### Task goal
Word for word, transcribe the data below from the line with "Comment Choisir sa" to the line with "Romans 5: 2", keeping both of those lines.

### Data shown

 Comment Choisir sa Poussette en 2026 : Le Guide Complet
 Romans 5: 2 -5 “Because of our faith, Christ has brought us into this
---
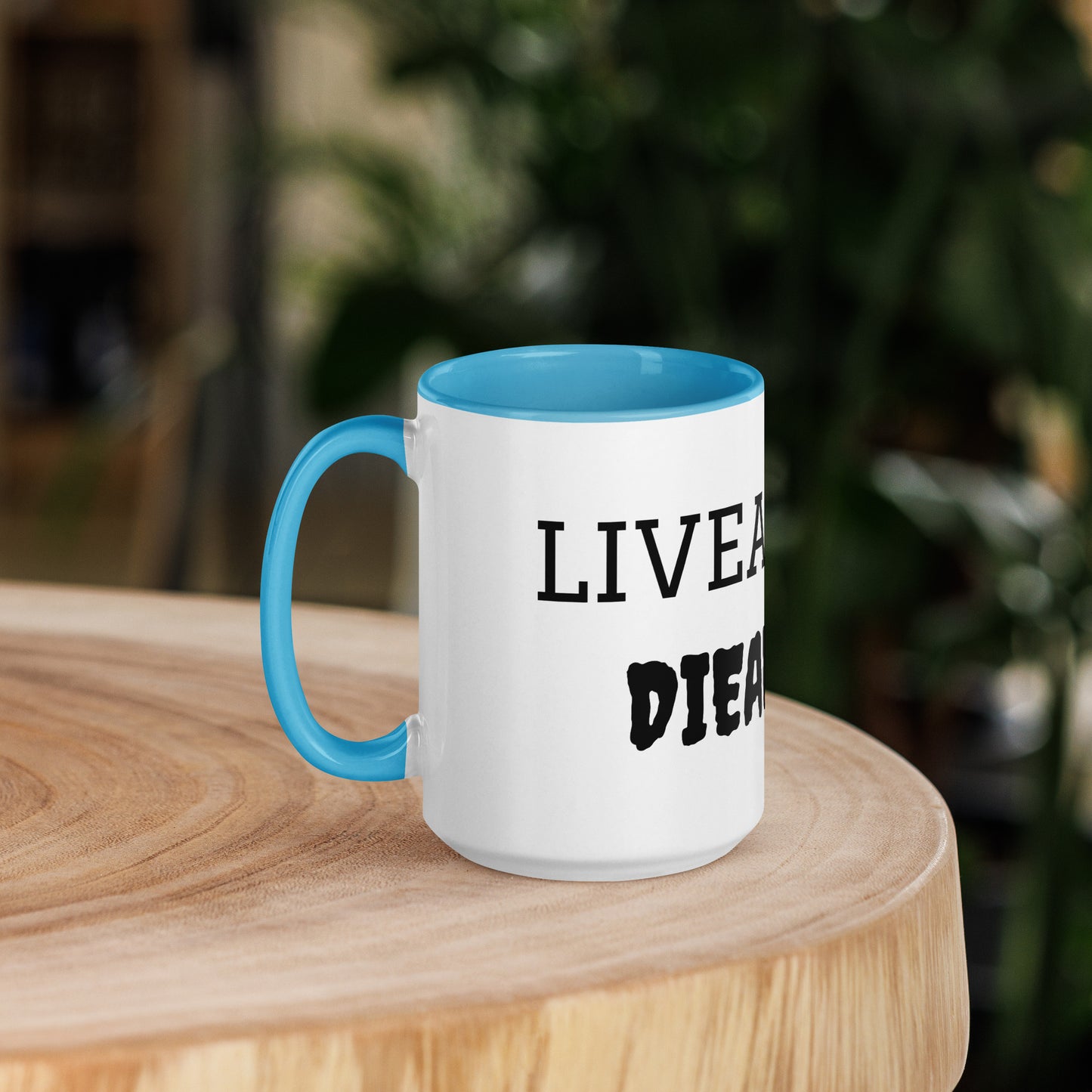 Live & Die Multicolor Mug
* * *
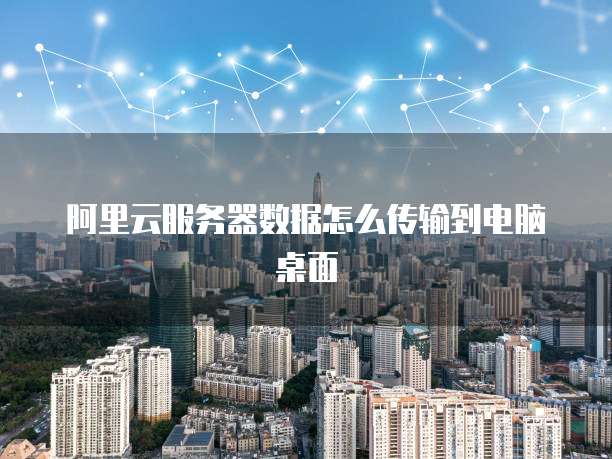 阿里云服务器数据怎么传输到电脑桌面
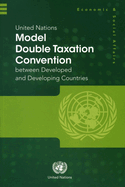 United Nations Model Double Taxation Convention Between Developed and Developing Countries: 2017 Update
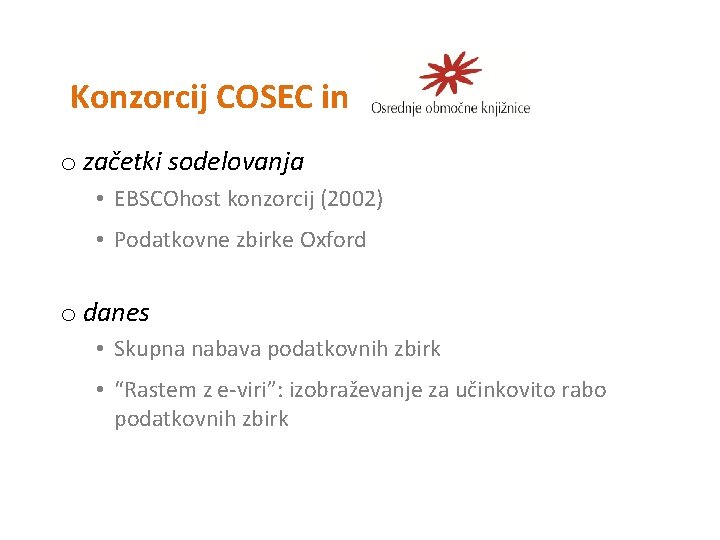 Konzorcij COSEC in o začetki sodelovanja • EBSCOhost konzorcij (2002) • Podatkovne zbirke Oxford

### Result of this exercise
 Comment Choisir sa Poussette en 2026 : Le Guide Complet
 Romans 5: 2 -5 “Because of our faith, Christ has brought us into this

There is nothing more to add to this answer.